C’est dire que si les protections externes (ceintures de sécurité, appuis-tête, casques, air-bags) sont absolument indispensables et sauvent de nombreuses vies , elles ne sont pas un gage de protection suffisante lorsque le vitesse est élevée; tout au plus peuvent-elles éviter que les lésions soient plus graves encore .

Lorsque les vitesses sont modérées et notamment pour les conducteurs de deux -roues un casque adapté est une protection considérable ; mais encore une fois le casque ne protège pas du TC grave lorsque la vitesse est importante ! Obligatoire pour les deux -roues motorisés on comprend mal que cela ne soit pas le cas pour les bicyclettes qui du fait de leur faible vitesse devraient en tirer la protection optimale… Cependant il semble qu’une prise de conscience commence à poindre puisque le port du casque va devenir obligatoire en France pour les enfants de moins de 12 ans à partir de mars 2017 … Et cela malgré l’avis défavorable de certaines associations de cyclistes…Alors que le port obligatoire pour tous est déjà adopté depuis longtemps par de nombreux pays européens!

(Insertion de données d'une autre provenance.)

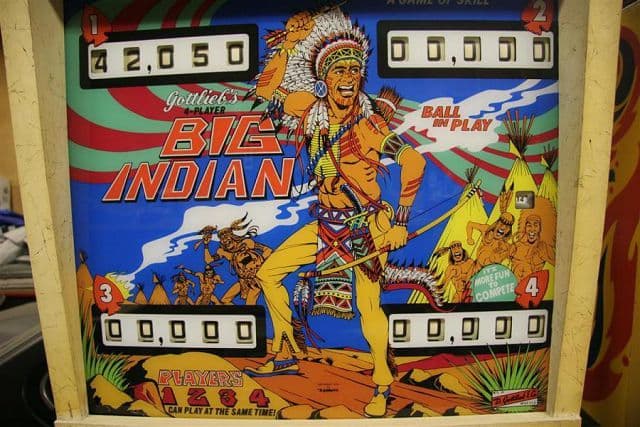 Big Indian backglass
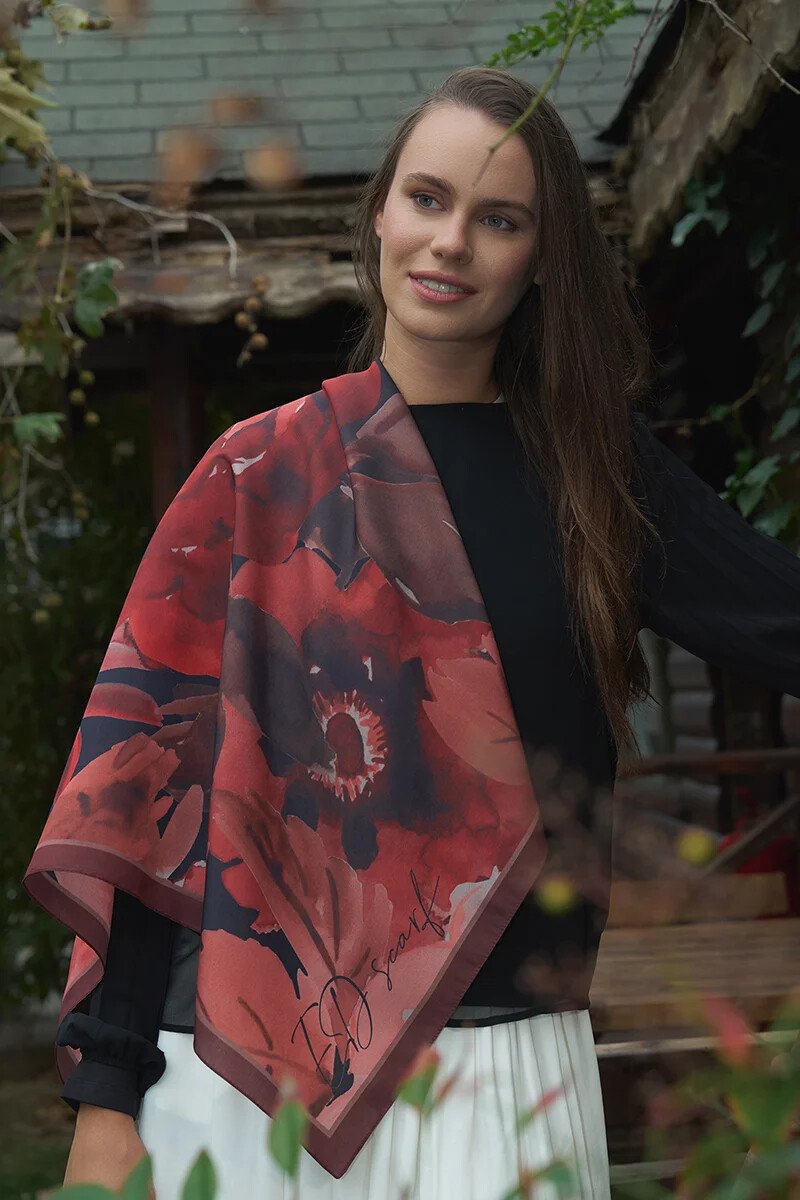 Rosa Modal Eşarp - Koyu Kırmızı - ED Scarf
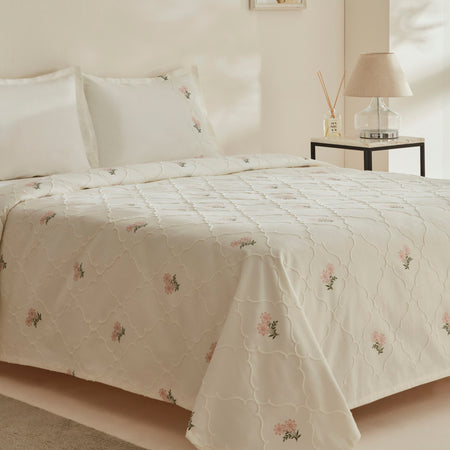Karaca Home Myra Floral Embroidered Double Bedspread, Ecru - MALLTURK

En ce qui concerne les deux roues on ne saurait trop insister sur l’importance du casque adapté « sur mesure » qui évite le ballottement du crâne source d’instabilité supplémentaire ; ce problème est particulièrement important chez les jeunes enfants notamment lorsqu’ils sont passagers d’un deux-roues motorisé ; faute de mieux, on les équipe souvent avec des casques d’adultes dans lesquels ils sont trop au large et qui surtout pèsent un poids trop élevé pour la musculature de leur cou favorisant la bascule avant-arrière de la tête particulièrement dangereuse en cas de décélération brutale ( coup du lapin qui peut-être mortel).

Enfin il faut faire la guerre à l’habitude de certains jeunes qui mettent un casque sans l’attacher sous le menton ; ce qui équivaut à ne pas mettre de casque du tout puisque ce dernier est expulsé avant que le tête ne vienne percuter l’obstacle.

Les drogues

En dehors de l’alcool de nombreuses drogues modifient le comportement des conducteurs; en premier lieu le cannabis qui peut passer pour une drogue légère est très souvent rencontré chez les conducteurs accidentés ; statistiquement il multiplie par 2 le risque d’être responsable d’un accident mortel; associé à l’alcool ce risque est multiplié par 15 !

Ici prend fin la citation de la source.